Следовательно, соглашение об управлении партнерством не может рассматриваться как корпоративный договор: оно не носит обязательственно-правовой характер, а является корпоративным актом. К слову, об опасности для гражданского оборота конструкции ХП и о том, что на самом деле введение этой организационно-правовой формы выгодно крупному бизнесу, высказывались лучшие специалисты в области гражданского права <1>. ——————————— <1> См., например: Экспертное заключение на проекты Федеральных законов N 557159-5 «О хозяйственных партнерствах» и N 557168-5 «О внесении изменений в часть первую Гражданского кодекса Российской Федерации в связи с принятием Федерального закона «О хозяйственных партнерствах» // Вестник гражданского права. 2011. Т. 11. N 4. С. 211 — 223; Суханов Е. А. Хозяйственные партнерства: за и против // Законодательство. 2012. N 1. С. 6 — 10; Маковский А. Л. Даже в отношениях между предпринимателями свобода договора не может быть безграничной // Вестник ФАС Московского округа. 2011. N 4. С. 12 — 13; Хозяйственные партнерства в России // Закон. 2012. N 1. С. 19 — 29; Ломакин Д. В. Хозяйственные партнерства и параллельная «реформа» гражданского законодательства // Вестник ВАС РФ. 2012. N 4. С. 57 — 77 и др.

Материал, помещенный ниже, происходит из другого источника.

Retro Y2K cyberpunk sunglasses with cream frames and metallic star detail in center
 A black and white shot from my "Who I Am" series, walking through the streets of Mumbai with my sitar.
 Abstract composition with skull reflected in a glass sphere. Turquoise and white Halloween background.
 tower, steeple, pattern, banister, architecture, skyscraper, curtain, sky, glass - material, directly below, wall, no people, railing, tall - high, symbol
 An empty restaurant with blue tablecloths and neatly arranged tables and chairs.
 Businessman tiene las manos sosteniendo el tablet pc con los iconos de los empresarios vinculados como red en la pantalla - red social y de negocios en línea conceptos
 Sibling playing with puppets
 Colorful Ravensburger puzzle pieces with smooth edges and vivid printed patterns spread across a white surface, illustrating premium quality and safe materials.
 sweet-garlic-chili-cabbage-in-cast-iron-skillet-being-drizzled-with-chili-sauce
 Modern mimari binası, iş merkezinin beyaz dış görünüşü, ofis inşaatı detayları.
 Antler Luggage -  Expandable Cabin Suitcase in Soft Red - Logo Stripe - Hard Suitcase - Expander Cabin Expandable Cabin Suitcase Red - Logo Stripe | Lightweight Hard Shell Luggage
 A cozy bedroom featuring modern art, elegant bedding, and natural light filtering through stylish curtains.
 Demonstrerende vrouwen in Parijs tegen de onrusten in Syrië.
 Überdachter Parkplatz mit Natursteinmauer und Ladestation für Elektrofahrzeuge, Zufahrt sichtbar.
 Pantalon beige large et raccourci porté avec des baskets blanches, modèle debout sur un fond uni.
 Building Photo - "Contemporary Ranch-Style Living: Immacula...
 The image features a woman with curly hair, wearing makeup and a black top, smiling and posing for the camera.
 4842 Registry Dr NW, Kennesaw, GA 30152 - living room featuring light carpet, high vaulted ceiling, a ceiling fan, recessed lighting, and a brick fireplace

Далее А. А. Ремезков указывает на то, что якобы участие общества в корпоративном договоре могло бы служить «дополнительной степенью защиты», обеспечивающей надлежащее исполнение корпоративного договора. Этот довод также представляется несостоятельным: непонятно, каким образом участие общества обеспечит исполнение сторонами договора своих обязанностей. Ведь само по себе общество не может физически совершать те или иные действия во исполнение договора: в любом случае действуют от имени общества его органы управления. В связи с чем и с использованием каких механизмов можно гарантировать, что орган управления обществом обеспечит исполнение обязательств по корпоративному договору? Мало того, что эти органы сами могут не исполнить своих обязанностей, они к тому же не смогут применить какие-либо меры воздействия на других нарушителей соглашения, так как договор носит обязательственно-правовой характер и его нарушение влечет лишь обязанность возместить убытки (и уплатить неустойку в случае, если она предусмотрена соглашением). Невозможно таким договором предоставить, например, дополнительные права единоличному исполнительному органу общества по применению принудительных мер к нарушителю соглашения. Свои поправки представил и депутат Е. А. Федоров, но они дословно повторяют предложения Минэкономразвития России и группы по созданию МФЦ. Свою поправку, касающуюся субъектного состава корпоративного договора, внес сенатор Д. Н. Ананьев. По его мнению, необходимо предоставить возможность лицу, заключившему договор о приобретении акций акционерного общества, быть стороной корпоративного соглашения. Для такого лица корпоративный договор вступает в силу с момента перехода к нему прав на акции. Как уже указывалось выше, еще до принятия Федерального закона «Об акционерных обществах» Совет в своем Экспертном заключении высказался о принципиальной допустимости участия в акционерном соглашении потенциальных акционеров. Такая возможность представляется безопасной для гражданского оборота с учетом того, что до момента приобретения акций сторона договора не имеет возможности влиять на управление обществом, и при условии достаточных гарантий публичности соглашения.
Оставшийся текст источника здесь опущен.